Он проводил четкое различие между советской властью и народом его родной страны, никогда не ставя между ними знак равенства. Полюбив свой новый дом, он не перестал быть русским патриотом. Столь трудная жизнь, как у него, кого угодно могла бы превратить в пессимиста — но наш русский друг любил порассуждать о превратностях судьбы, о том, как даже в самых безнадежных обстоятельствах, даже в Советском Союзе удача может неожиданно улыбнуться человеку. Как дорого дали бы мы, чтобы услышать полный рассказ о его жизни в те страшные для советского народа годы. Ведь мало кто мог бы поведать о них столько, сколько Кирилл. Но скромность была для него так же органична, как и смелость. Однако все те, кому довелось знать его, видели его высокие человеческие качества и понимали, какие ценности он отстаивает.
Впервые я попал в дом писателя Косцинского в начале 1960 года. Привел приятель из ленинградских литературных трущоб. Что-то читали, выпивали. Не помню, что говорил Кирилл, но отчетливо помню покалывающее, дух спирающее чувство в груди, ощущение недозволенности происходящего. Так говорить вслух, при посторонних было в те годы нельзя. А он говорил — легко, чуть посмеиваясь, не бравируя, но все же получая явное, забытое всеми нами удовольствие — удовольствие от раскованной, безоглядной человеческой речи.
За это его и взяли. Следователи потом выстраивали сложную систему доказательств, ломали свидетелей — бывших друзей, — чтоб те подтвердили «распространение произведений, порочащих советский строй». Но на «распространение» тогда в общем-то смотрели сквозь пальцы. Кирилл же был возмутительным примером того, что даже под властью КГБ можно жить и не трястись с утра до вечера. Что можно говорить что думаешь и про то, что болит. Просто у них не было подходящего закона, чтобы судить прямо за это. Зато подслушивающая аппаратура уже была и вполне приличного качества (кажется, американская). Так что все его разговоры они слышали, и им было ясно: такого надо брать даже в эпоху «позднего реабилитанса».

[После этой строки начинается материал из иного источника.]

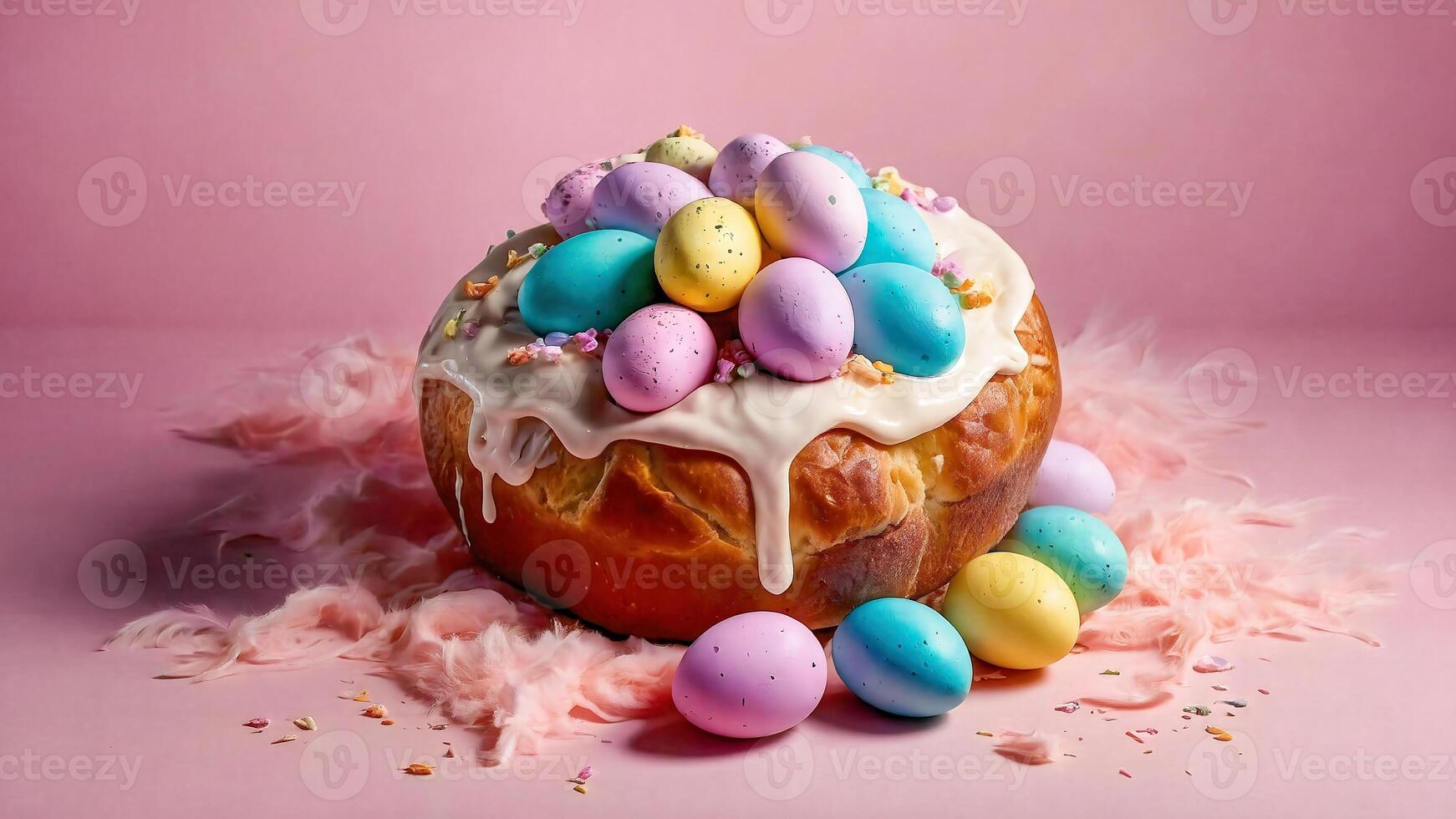 AI generated Fluffy Italian Easter Bread with Dyed Eggs photo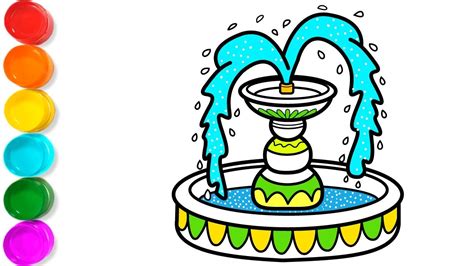 How To Draw A Fountain Fountain Drawing And Coloring Pages For Kids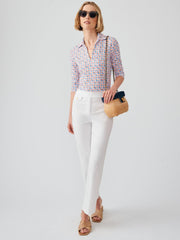 J.McLaughlin Aida 3/4 Sleeve Top In Mini Ocean Ribbon White/multi | Women Shirts &amp; Tops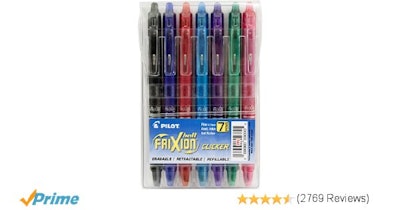 Amazon.com: Pilot FriXion Clicker Retractable Erasable Gel Pens, Fine Point, Ass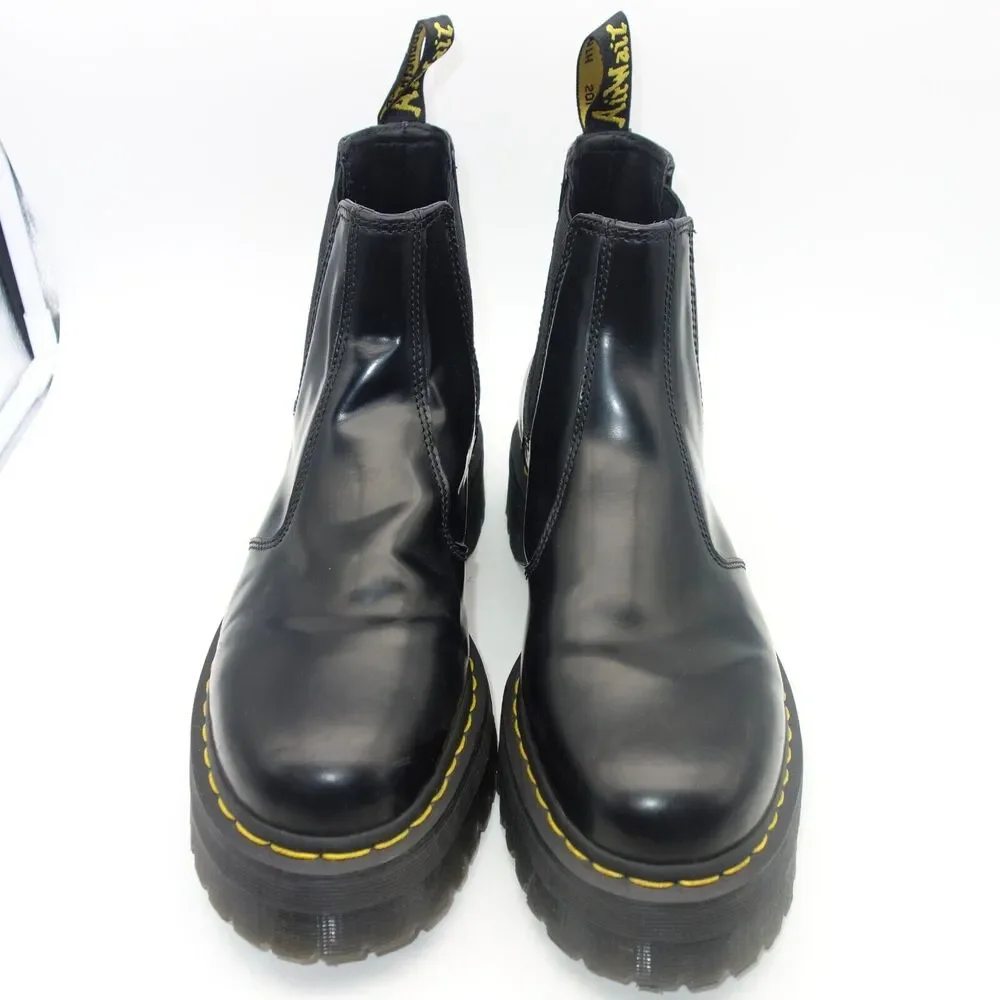 NEW Dr. Martens Men's 13 2976 Quad Smooth Black Platform Chelsea Leather Boots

Вернувшись в Ленинград из лагеря, он стал неумело осторожничать. Например, для важных переговоров уводил гостя из квартиры, прогуливался с ним по набережной канала. Я протестовал, пытался доказывать, что таким способом он ясно показывает шпикам, с кем из своих знакомых он занимается «грязной антисоветчиной», а с кем — нет. И что держать при этом в руках портфель, набитый запрещенной литературой, уж совсем глупо. Он только цыкал на меня, обзывал «вольняшкой», ничего не понимающим в конспирации.
При всех этих уловках, он не мог удержаться от прежних выходок. Вот он встречает в Союзе писателей знакомого, который пытается не заметить его, проскользнуть мимо бывшего лагерника. «Эй, Аркадий, — кричит Кирилл через весь зал. — Ты Би-Би-Си вчера слушал? Как там? Синай уже наш или нет?» И знакомый растекался по стенке бело-розовым пятном.
Он уже во всю работал над своим словарем. Его интересовали все слои, все области, все задворки жаргона. Узнав, что я поигрываю в карты, выцедил и из меня несколько картежных терминов, которых не было у него в картотеке.